Sous les toits
Cela fait déjà une année que j’ai débarqué dans cette ville qui met mal à l’aise, métropole aux deux versants, tantôt attractifs, tantôt répulsifs. De son ambiance particulière, j’en tire quelques vers, puis je romantise.
Dans une mansarde, caché quelque part au milieu d’un triangle doré aux parures trop lourdes pour mes poches, j’ai infiltré le faste et le nanti, là où superficie se mêle au superficiel.
Ici tout brille dans ces longues promenades où jonche le luxe, et lorsque les commerces s’éteignent, même la nuit nous le rappelle à notre bon vouloir, quand les fenêtres avoisinantes reflètent les danses lumineuses de la Tour Eiffel.
Dans mon logis si bien aménagé, les meubles ne bougent pas, symbole de l’immuable physionomie de ces quartiers et de ceux qui y résident. Les grands miroirs qui ornent les entractes des habitations ne connaissent que la misère des livreurs et les regards impressionnés des invités.
Vivre chez les riches sans l’être, c’est regarder les fins gourmets de la terrasse d’à côté, sans pouvoir y accéder. A l’aube à peine dévoilée, deux assiettes sont posées, avec pour chacune une orange pelée. Voilà l’expression régulière de la mondanité.
Ma chance est celle d’habiter loin du vacarme ambiant.

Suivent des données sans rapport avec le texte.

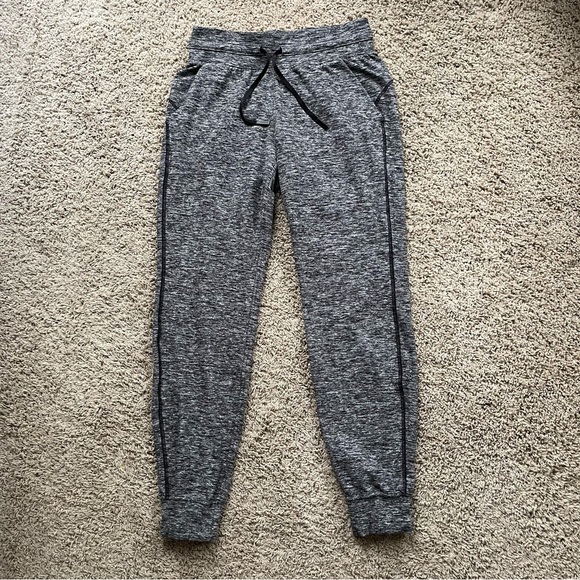 Lululemon Ready To Rulu Jogger *Fleece* - Picture 3 of 8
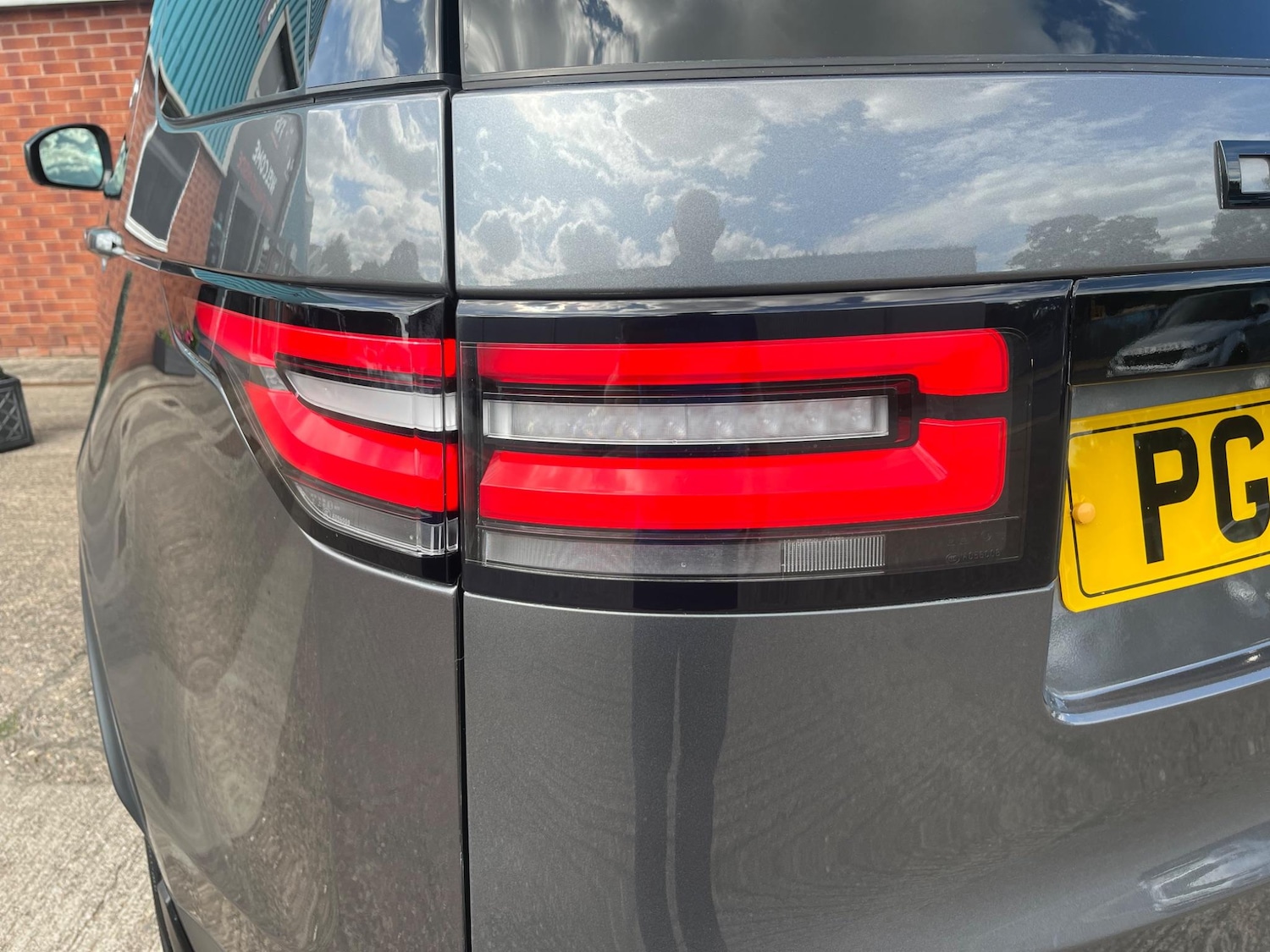 Used Land Rover Discovery 2018 for sale - 76987868: Photo 19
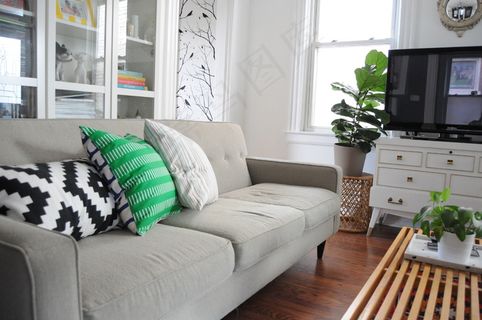 白色，绿色和红色客厅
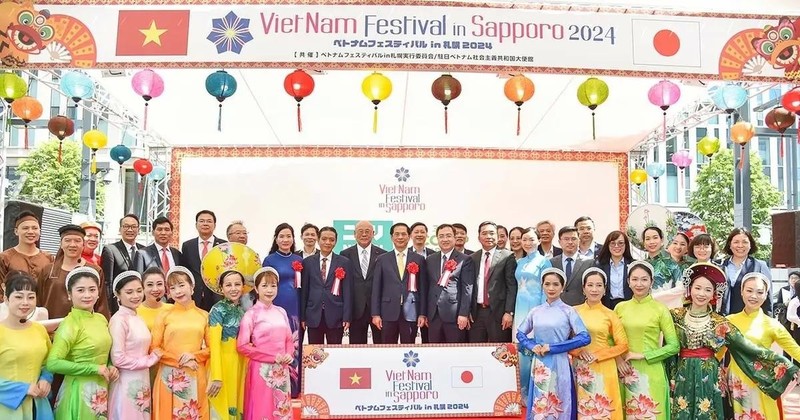 Delegates at the third "Vietnam Festival in Sapporo 2024" held in Sapporo city, Japan’s Hokkaido prefecture on August 10. (Photo: baoquocte.vn)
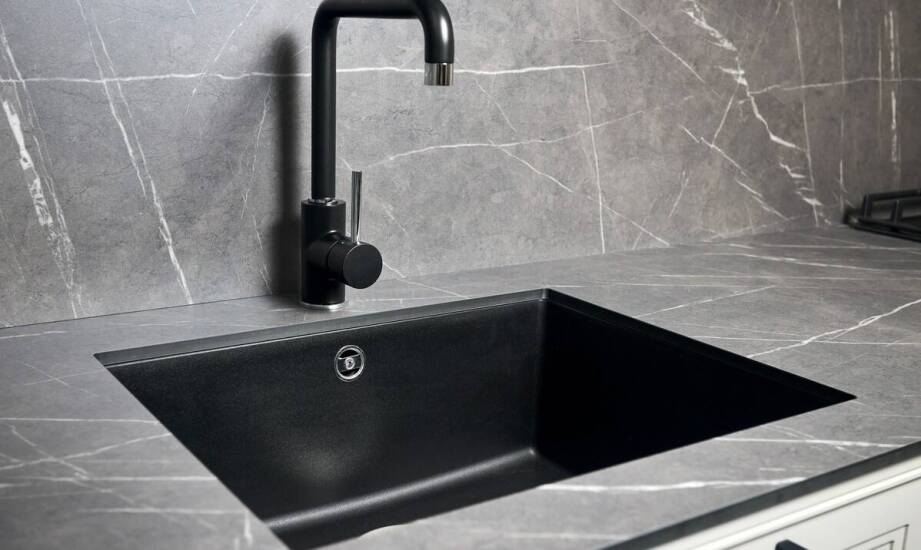 Czarne łazienkowe baterie – jak wpływają na nowoczesny design wnętrz?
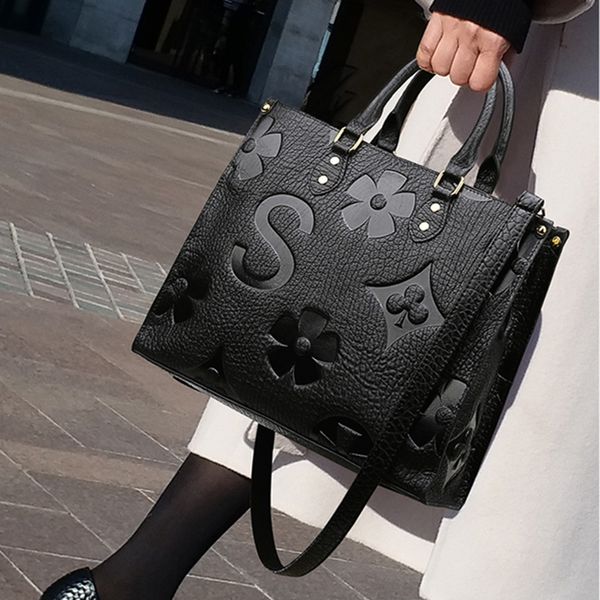 2020 new trend fashion female genuine leather bags large-capacity messenger bags single shoulder portable multipurpose tote
2020 new trend fashion female genuine leather bags large-capacity messenger bags single shoulder portable multipurpose tote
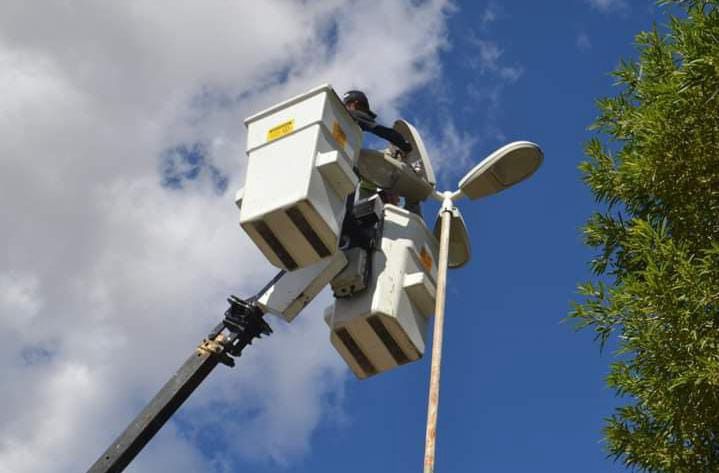 Prefeitura de Patos inicia serviços de manutenção nas praças da cidade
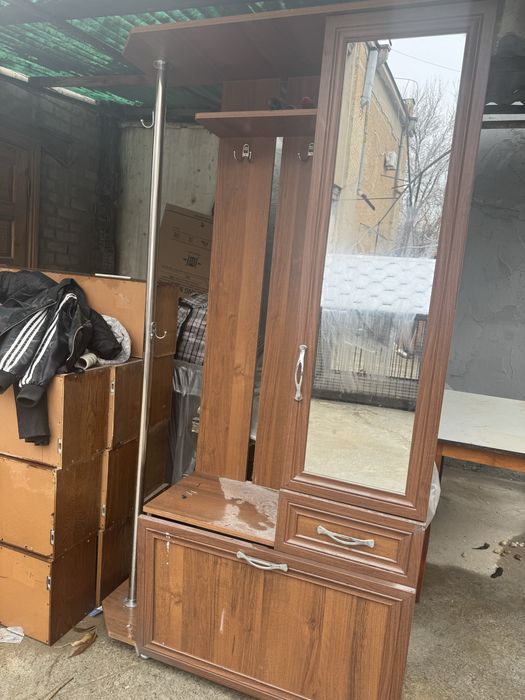 Шкаф в прихожую. В хорошем состоянии.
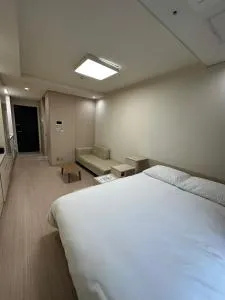 The Hide City - Wŏllang-dong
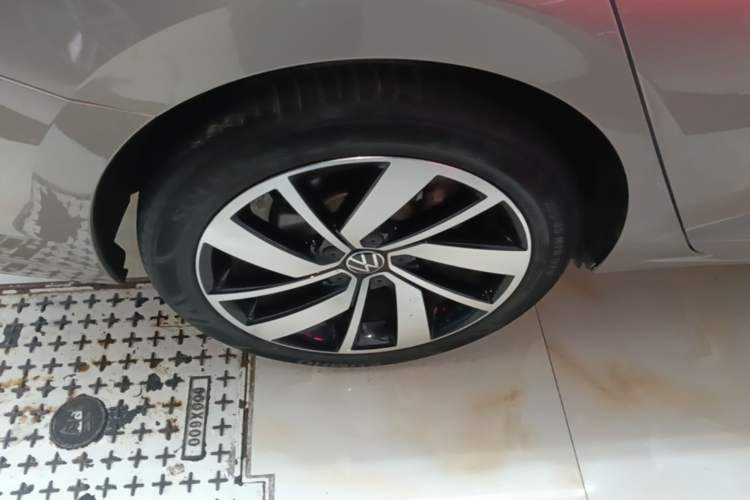 Used Volkswagen Sagitar 2023 300TSI DSG Excellence Edition Right Rear Wheel Hub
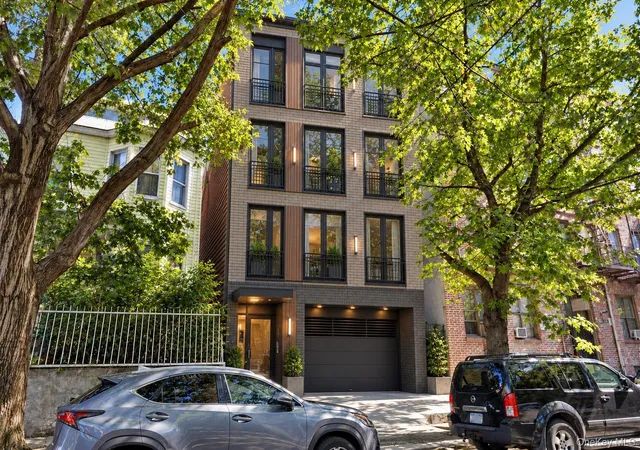 Photo 4 of Single family home for sale at 2140 Mapes Ave, New York, NY 10460 | MLS# 1055212 | Listing updated on 2026-10-02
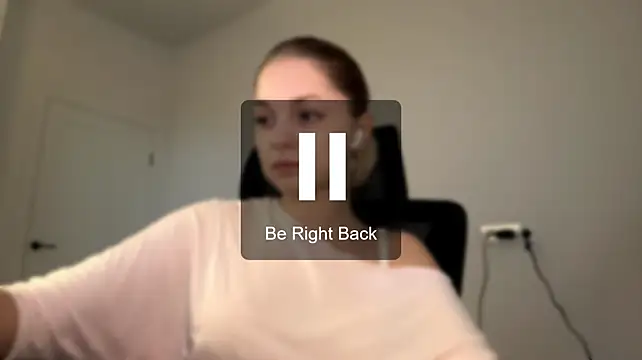 Chat +18 de EveryoneEve ao vivo
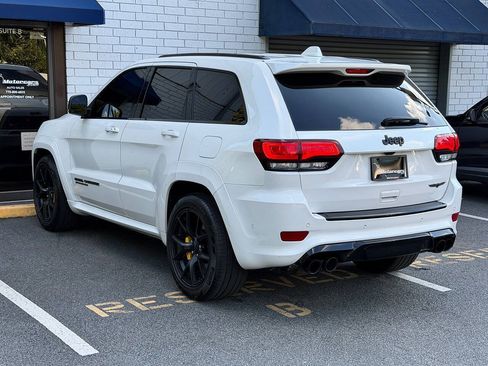 Used 2018 Jeep Grand Cherokee Trackhawk AWD/4WD image 5
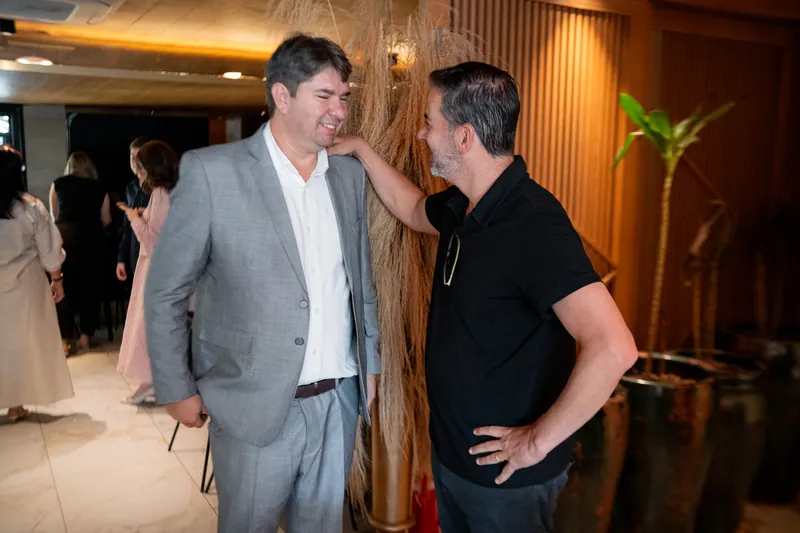 Marcos Paim conversando com um amigo no lançamento do livro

Les toits ont ceci d’intéressants qu’ils nous échappent de l’agitation quotidienne, de ces tumultes douteux dans lesquels chacun plonge dès lors qu’il franchit le pas de son habitat.
Et il ne passe pas un jour, sans que je ne m’assoie sur ce rebord de toit, pour y contempler l’horizon et tâcher ce privilège de mon pauvre désarroi.
C’est toujours dans le déclin du ciel azuréen, qui dans un dernier sursaut rougeoie du soleil couchant, que le ballet des merles prend fin. A l’heure où mes voisins referment avec minutie leurs volets, dans la désillusion d’une ivresse, il ne me reste alors pour seule compagnie que les paroles du vent ; et l’étendue d’oubli qui s’offre à moi, me ramène aux velléités du passé.
Parfois, mon atmosphère se charge de ces nuages tristes au poids accablant, qui déversent ces grêles noires que même la terre ne saurait contenir.
Et si je n’en avais point, je n’écrirais pas tous ses mots.